29 Haziran 2016 Çarşamba

Alvar İmamı - Salih Efendi

Alvar İmamı ötelere göçtüğünde henüz on altı yaş civarındaydım. Bu sebeple onu ve onun ağzından dökülen mânâ derinlikli sözleri idrak ettiğimi söyleyemem. Fakat onun oturuşunda, kalkışında, hâl ve hareketinde öyle bir tesir vardı ki, en beliğ sözlerden daha müessirdi. Doksana merdiven dayamış olmasına rağmen sekiz saat dizleri üzerinde otururdu. Ayakları uyuşmaz mıydı bilemiyorum. Üstelik prostatı da vardı. Buna rağmen o, hiç tavrını değiştirmezdi. Hiçbir şey söylemese sadece bir kere yanınızda
“Allah!” dese yüreğinizi ağzınıza getirmeye yeterdi. Bazen elektrik verilmiş gibi birdenbire titrerdi. İşte onun bu derûni, ciddi ve vakûr hâli, tavır ve davranışları, bakışları ve yüz çizgileri sizin ruhunuza aksederdi.

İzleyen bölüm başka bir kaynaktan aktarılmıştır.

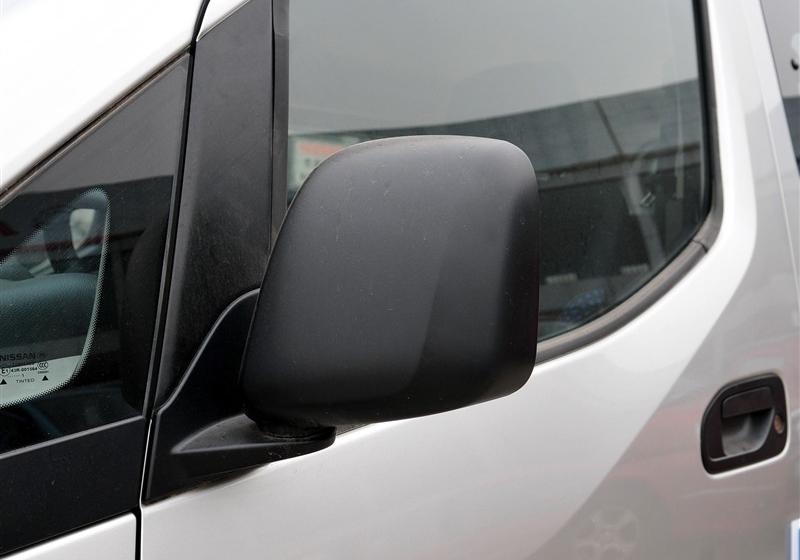 鄭州日產 日產NV200 2011款 1.6 尊雅型 232座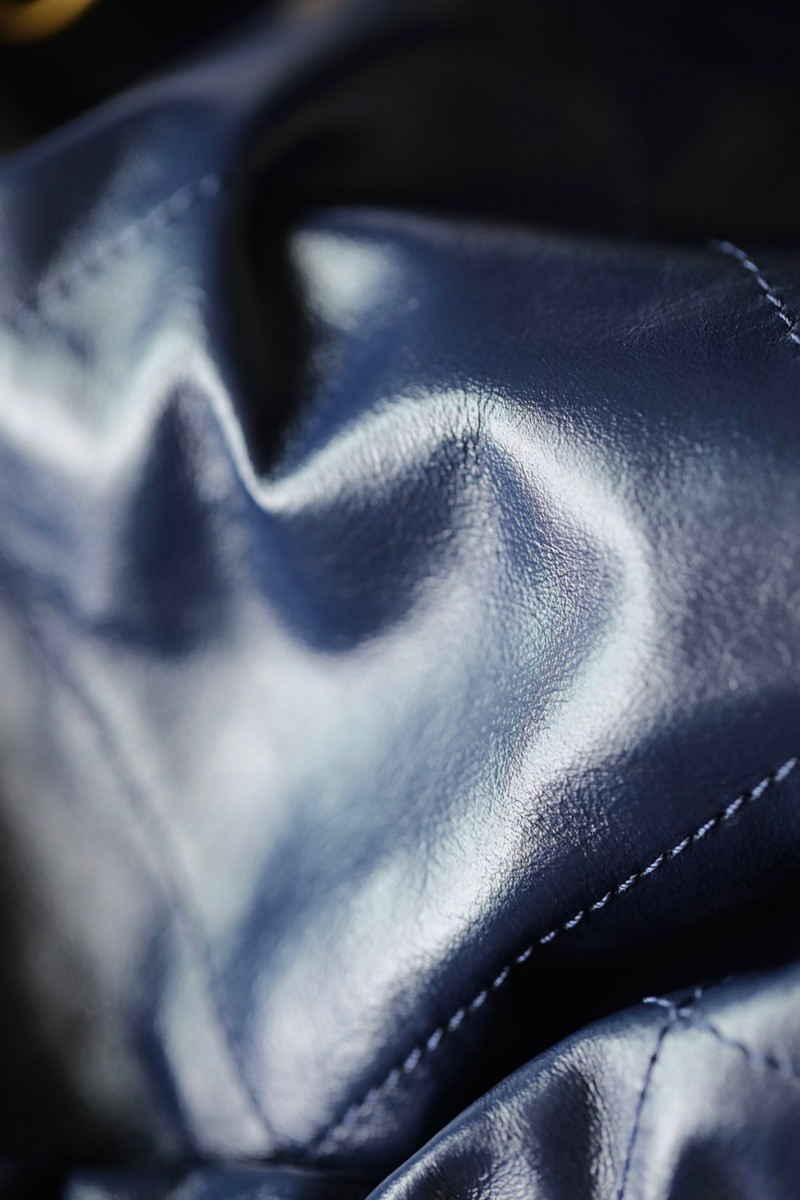 22Bag 海軍藍 金字 中號_3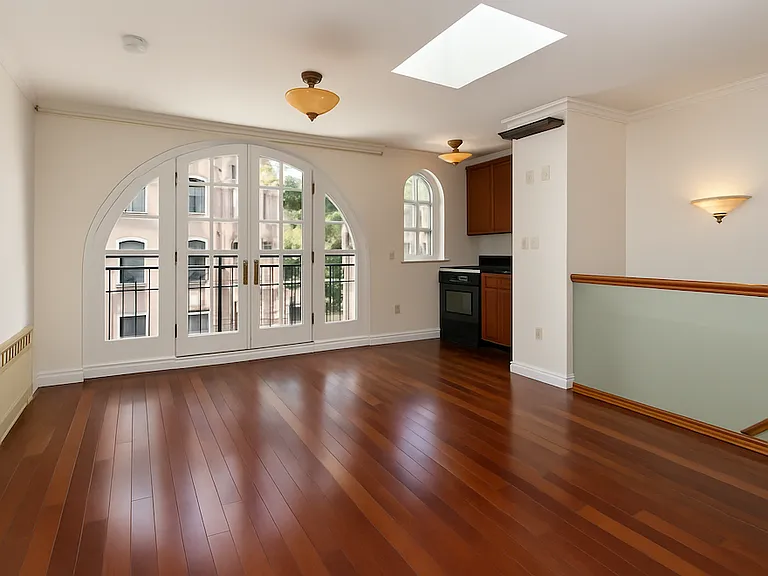 603 Henry St #1 — Photo 10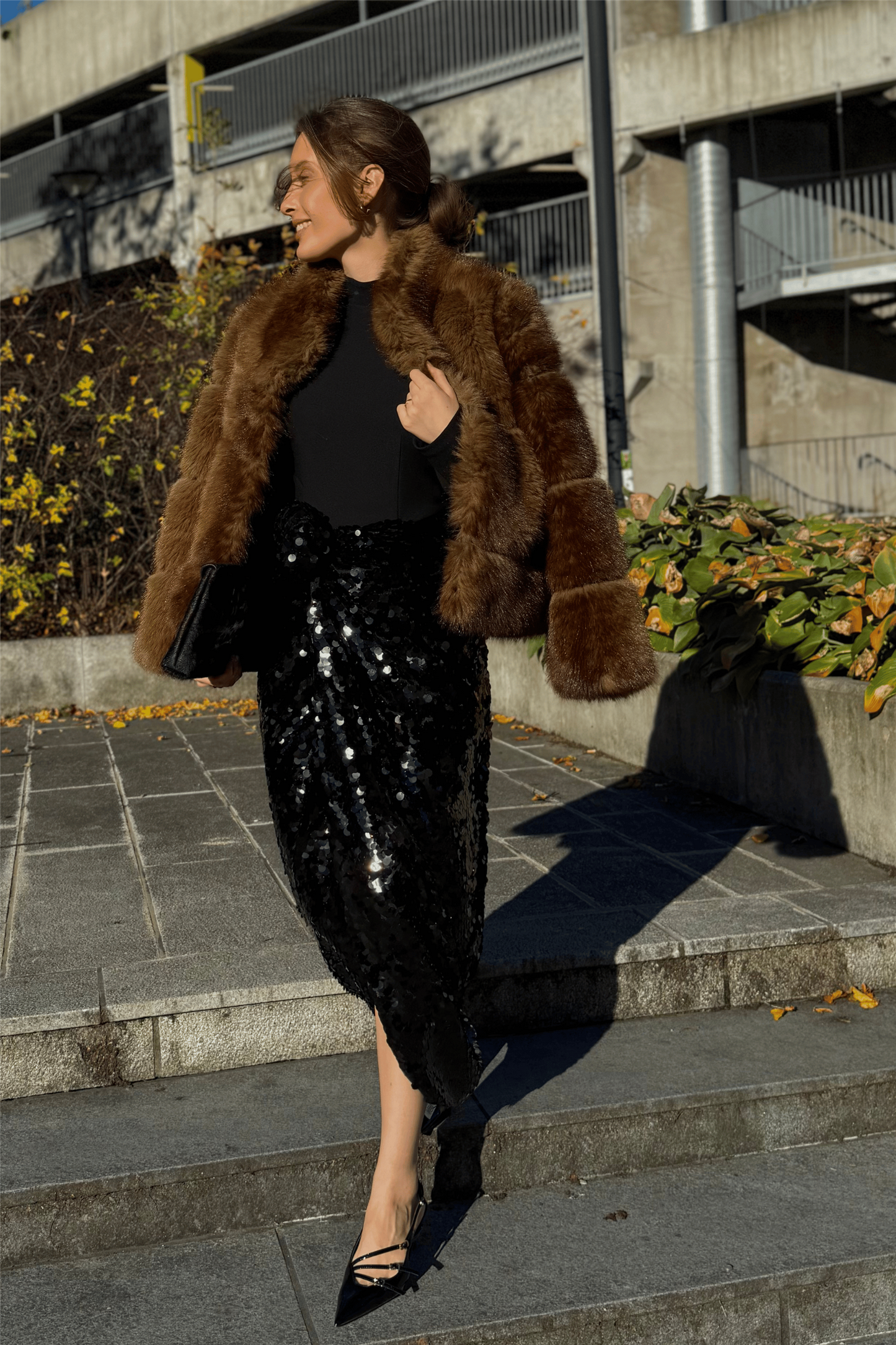 Knotted Midi Dress Black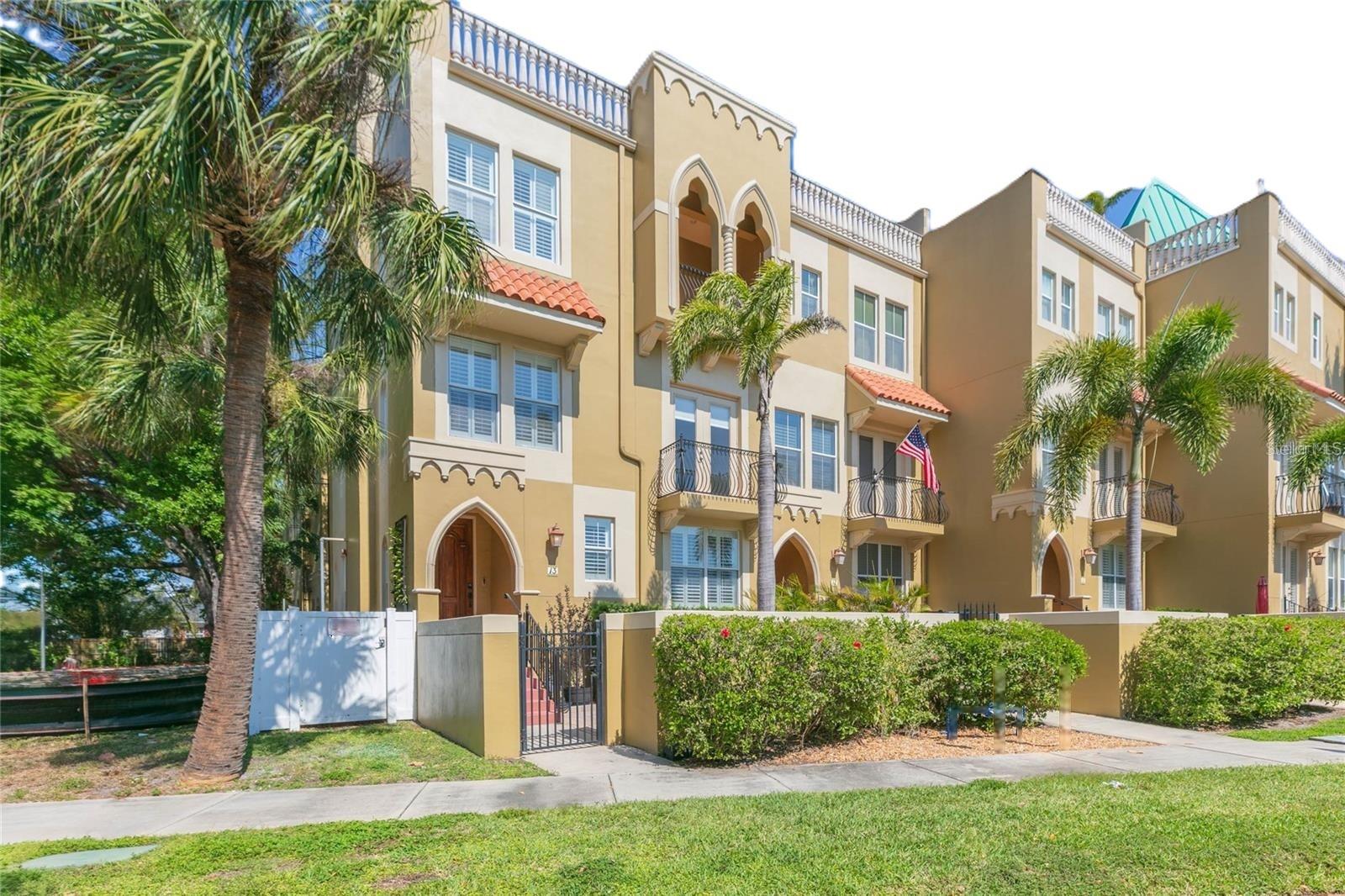 114 E Davis Blvd #13, Tampa
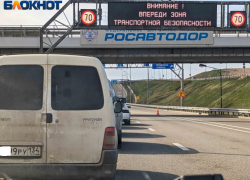 Больше сотни автомобилей попали в пробку перед Крымским мостом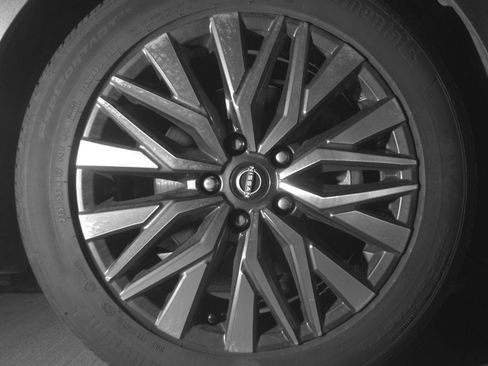 Used 2025 Nissan Altima 2.5 SV FWD image 16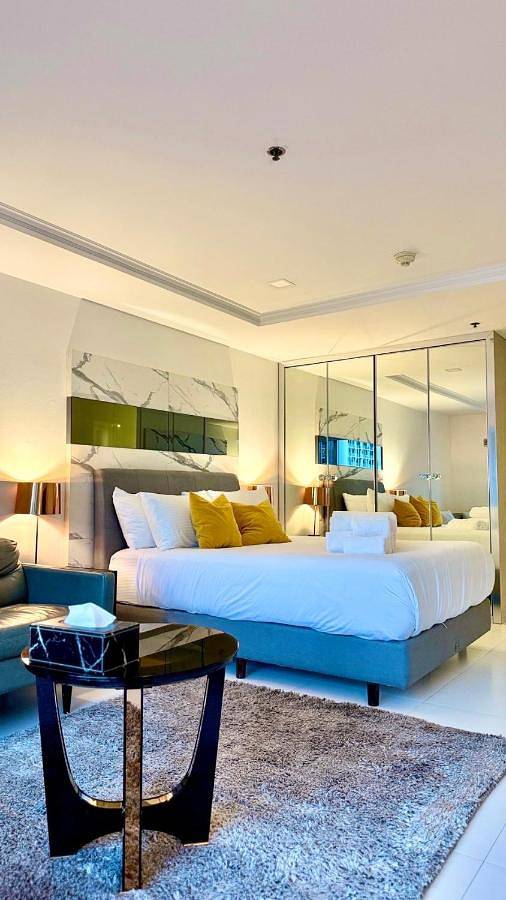 Appartement de vacances pour 2 personnes, avec sauna et piscine ainsi que jardin et vue à Bangkok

Hâl ve tavrıyla, oturuş ve kalkışıyla insana tesir eden insanlardan birisi de Salih Efendi’ydi. Ben onun dudağının geriye gittiğini hiç görmedim. Onu tanıdığım dönemde, çocuklarının en küçüğü yaşındaydım. Fakat buna rağmen ziyarete geldiğinde ben onu bir kanepeye oturtamazdım. Hep dizleri üzerinde otururdu. İşte bu ölçüde bir temkin ve teyakkuz insanıydı. Zannediyorum, siz böyle bir insanı alıp Allah’ın huzuruna götürseniz, doğrudan doğruya, bîkem u keyf Cenâb-ı Hakk’ın kelamını işitse, doğrudan doğruya O’ndan emirler alsa yine de o insan diyecektir ki: “Ya Rabbi! Acaba bunlar nefsimden kaynaklanan şeyler midir? Eğer öyleyse bunlardan Sana sığınırım. Sen büyüksün. Benim gibi günahkâr, asi, küçük bir kul böyle bir iltifata layık olamaz. O zaman bu hâl nedir Allah’ım?”
İşte bu anlayıştaki bir insan, temkine alıştığından dolayı, hep temkin soluklar, temkinle hareket eder, temkinle oturur kalkar ve hiçbir zaman tavrını değiştirmez. Dolayısıyla böyle bir insandan hiçbir zaman şathiyat da sadır olmaz.